Why based on OpenTelemetry?

OpenTelemetry, an incubating CNCF project since 2019, is a powerful open source observability framework that standardizes the collection, aggregation, and export of telemetry data from various sources, enabling comprehensive visibility into the health, performance, and behavior of distributed applications and systems. Due to the specification and modular structure of the OpenTelemetry collector and the adaptation of various vendors, OpenTelemetry is perfectly suited for the correlation of logs, metrics and traces, as well as collection of vendor-neutral data.

Why cross-cluster observability?

Creation of dedicated observability clusters to store and analyze telemetry data from multiple clusters offers several advantages and is often essential when operating many edge (especially far edge) clusters. However, opting for and running such a solution is affected by various factors.

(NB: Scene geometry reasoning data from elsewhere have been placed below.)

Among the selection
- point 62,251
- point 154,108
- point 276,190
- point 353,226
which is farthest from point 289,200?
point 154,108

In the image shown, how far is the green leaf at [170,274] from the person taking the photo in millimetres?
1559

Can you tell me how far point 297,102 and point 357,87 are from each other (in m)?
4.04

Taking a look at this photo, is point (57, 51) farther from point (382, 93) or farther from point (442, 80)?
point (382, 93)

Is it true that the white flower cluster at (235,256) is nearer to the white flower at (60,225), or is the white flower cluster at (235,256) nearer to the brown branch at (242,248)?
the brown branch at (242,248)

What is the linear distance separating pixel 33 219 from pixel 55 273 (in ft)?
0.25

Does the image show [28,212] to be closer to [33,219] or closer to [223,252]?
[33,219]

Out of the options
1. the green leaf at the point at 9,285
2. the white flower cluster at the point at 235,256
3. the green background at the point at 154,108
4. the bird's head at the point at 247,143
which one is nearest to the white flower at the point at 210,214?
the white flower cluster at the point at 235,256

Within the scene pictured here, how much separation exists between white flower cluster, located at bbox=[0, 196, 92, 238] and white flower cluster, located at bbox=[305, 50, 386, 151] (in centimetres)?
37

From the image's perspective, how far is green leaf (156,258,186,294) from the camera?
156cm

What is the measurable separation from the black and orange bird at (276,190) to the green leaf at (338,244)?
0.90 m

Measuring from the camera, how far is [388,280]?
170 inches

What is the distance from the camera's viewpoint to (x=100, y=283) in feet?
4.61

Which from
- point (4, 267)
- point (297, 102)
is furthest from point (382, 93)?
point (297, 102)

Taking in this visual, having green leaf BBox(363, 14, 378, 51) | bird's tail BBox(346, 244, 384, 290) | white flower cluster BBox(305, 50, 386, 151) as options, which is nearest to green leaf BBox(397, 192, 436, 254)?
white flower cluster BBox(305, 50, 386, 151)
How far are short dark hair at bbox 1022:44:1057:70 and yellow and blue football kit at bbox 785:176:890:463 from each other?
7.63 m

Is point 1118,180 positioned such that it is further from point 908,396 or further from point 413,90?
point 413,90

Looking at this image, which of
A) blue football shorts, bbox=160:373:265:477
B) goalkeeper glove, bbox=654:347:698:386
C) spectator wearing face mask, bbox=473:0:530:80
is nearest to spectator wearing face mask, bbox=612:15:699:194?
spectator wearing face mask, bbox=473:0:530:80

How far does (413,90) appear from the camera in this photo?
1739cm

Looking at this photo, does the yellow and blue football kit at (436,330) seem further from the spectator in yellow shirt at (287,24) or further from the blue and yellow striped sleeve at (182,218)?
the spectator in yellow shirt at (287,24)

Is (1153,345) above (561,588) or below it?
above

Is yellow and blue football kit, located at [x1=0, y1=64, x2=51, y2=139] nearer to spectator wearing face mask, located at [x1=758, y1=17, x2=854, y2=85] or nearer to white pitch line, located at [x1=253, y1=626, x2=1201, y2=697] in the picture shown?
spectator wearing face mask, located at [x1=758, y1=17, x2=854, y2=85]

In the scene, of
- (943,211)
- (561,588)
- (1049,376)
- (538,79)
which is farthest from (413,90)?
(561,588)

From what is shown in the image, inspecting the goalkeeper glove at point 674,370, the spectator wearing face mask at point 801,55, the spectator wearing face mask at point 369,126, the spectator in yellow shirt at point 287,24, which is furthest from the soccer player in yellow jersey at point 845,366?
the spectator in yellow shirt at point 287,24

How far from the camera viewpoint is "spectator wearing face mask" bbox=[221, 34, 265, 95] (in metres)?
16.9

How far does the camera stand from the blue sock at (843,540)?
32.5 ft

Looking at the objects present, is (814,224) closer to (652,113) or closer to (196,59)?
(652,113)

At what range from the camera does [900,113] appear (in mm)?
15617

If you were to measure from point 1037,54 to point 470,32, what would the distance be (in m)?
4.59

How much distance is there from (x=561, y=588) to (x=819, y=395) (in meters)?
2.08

When you store telemetry data in a single cluster, you get a comprehensive view of the health, performance, and behavior of your infrastructure. Especially when clusters are communicating with each other, this unified view enables the identification of patterns, correlations, and anomalies across clusters, allowing for effective troubleshooting and optimisation. Transferring this data to a central location using a vendor-neutral data collection suite not only makes the lives of administrators and developers easier, it also simplifies future migrations.

Storing telemetry data in a single cluster might have some disadvantages: Such a setup introduces a single point of failure. Data privacy and compliance requirements, multiplied by the volume of incoming data, might demand more complex traffic and access management. As the infrastructure grows, scaling a single observability cluster to handle the increased data load and resource demands might become challenging.

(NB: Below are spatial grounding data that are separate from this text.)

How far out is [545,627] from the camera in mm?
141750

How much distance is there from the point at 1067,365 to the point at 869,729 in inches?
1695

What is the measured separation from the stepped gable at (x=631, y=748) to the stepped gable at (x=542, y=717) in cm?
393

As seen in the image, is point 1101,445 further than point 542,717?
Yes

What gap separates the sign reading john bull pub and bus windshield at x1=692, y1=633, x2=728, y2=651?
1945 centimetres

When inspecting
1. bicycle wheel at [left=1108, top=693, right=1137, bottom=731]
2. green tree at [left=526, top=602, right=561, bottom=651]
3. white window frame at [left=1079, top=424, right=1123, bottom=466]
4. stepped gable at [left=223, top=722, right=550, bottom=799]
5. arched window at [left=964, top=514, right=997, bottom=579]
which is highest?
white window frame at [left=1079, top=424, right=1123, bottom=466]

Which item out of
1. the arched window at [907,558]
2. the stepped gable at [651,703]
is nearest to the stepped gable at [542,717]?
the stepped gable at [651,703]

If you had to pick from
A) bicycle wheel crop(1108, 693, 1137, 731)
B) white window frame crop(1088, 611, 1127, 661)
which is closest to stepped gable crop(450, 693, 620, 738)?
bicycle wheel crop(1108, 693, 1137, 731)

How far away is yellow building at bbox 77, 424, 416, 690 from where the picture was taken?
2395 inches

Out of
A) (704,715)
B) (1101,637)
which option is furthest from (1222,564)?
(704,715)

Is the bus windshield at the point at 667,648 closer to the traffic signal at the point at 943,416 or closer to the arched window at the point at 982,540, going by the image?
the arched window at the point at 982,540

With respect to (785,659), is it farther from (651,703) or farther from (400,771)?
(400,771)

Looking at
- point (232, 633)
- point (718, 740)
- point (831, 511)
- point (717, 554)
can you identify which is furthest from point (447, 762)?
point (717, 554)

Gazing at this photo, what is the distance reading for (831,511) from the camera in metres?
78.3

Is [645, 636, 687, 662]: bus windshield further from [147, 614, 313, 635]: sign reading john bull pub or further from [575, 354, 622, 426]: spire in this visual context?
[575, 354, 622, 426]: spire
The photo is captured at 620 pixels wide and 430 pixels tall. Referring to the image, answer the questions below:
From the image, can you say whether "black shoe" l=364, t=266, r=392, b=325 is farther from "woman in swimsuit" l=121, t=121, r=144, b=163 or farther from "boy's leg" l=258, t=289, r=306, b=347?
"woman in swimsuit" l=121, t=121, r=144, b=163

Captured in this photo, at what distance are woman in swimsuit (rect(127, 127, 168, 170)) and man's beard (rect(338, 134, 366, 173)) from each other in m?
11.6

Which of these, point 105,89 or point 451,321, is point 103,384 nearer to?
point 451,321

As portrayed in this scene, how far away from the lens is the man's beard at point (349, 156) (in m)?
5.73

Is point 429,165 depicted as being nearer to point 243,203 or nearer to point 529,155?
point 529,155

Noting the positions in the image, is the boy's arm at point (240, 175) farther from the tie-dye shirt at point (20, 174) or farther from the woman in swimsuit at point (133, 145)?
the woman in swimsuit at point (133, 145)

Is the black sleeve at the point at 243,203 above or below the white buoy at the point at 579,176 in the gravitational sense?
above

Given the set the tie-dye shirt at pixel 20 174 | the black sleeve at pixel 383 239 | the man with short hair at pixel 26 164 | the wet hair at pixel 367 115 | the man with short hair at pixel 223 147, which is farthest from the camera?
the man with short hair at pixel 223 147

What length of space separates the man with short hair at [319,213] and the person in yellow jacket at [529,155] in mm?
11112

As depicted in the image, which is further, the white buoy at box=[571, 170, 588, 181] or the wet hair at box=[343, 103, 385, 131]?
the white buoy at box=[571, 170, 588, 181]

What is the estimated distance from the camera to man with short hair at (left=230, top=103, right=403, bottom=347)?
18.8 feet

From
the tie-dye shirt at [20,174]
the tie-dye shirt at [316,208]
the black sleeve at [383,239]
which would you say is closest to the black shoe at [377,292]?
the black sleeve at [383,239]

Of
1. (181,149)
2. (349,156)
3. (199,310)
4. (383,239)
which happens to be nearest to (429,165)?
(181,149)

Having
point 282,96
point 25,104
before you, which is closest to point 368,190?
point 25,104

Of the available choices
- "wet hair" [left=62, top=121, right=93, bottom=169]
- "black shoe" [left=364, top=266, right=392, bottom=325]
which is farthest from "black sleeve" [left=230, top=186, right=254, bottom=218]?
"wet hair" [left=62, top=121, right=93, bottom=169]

Since OpenTelemetry allows subsequent migration between its own observability cluster and various third-party providers, I'll focus on the OpenShift solution here.

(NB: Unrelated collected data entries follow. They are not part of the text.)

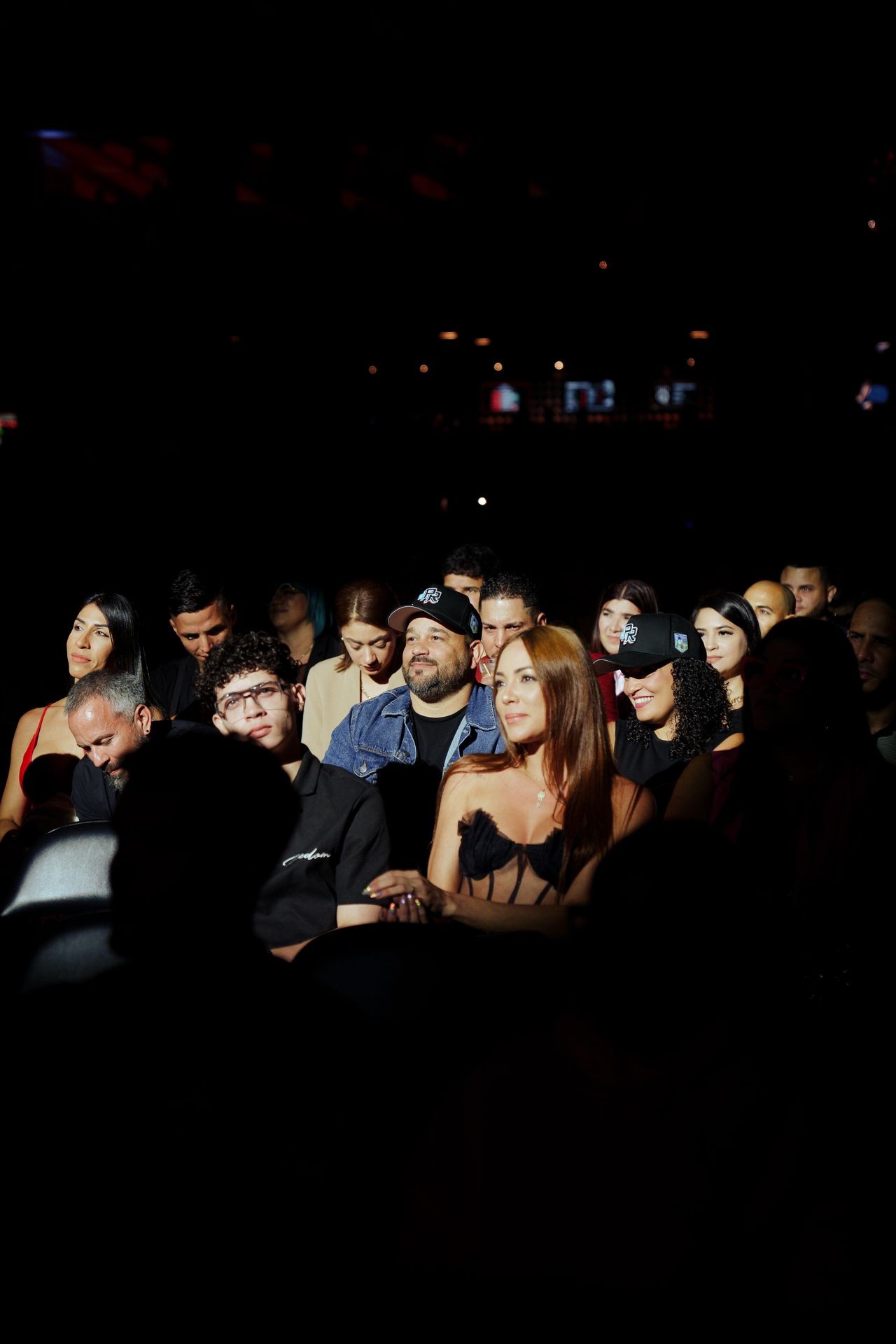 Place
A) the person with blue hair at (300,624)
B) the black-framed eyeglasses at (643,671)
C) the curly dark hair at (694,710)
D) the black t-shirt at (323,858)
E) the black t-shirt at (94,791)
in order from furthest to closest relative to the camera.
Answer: the person with blue hair at (300,624) → the black-framed eyeglasses at (643,671) → the curly dark hair at (694,710) → the black t-shirt at (94,791) → the black t-shirt at (323,858)

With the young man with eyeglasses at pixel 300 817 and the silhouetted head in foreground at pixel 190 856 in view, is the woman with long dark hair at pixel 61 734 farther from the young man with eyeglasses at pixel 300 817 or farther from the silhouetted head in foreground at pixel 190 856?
the silhouetted head in foreground at pixel 190 856

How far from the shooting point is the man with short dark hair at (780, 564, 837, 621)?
6.43 meters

If you prefer video content to learn more about OpenTelemetry and see examples of setting up an observability environment, check out the presentation Observability at the edge: Monitoring edge environments at scale from the Red Hat Summit 2023 conference.

How to configure a telemetry toolchain

In the following sections, I'll describe how to use Red Hat OpenShift Distributed Tracing Data Collection to send telemetry data from a remote cluster and receive it securely in the desired observability cluster. For simplicity, I'm focusing here on the transmission and storing of trace data.

The following graphic shows two clusters having a separate observability namespace. In the observability cluster, an OpenTelemetry collector is operated there as a receiver and made publicly available by OpenTelemetry Operator. In remote Cluster 1, an OpenTelemetry collector is operated in the gateway mode.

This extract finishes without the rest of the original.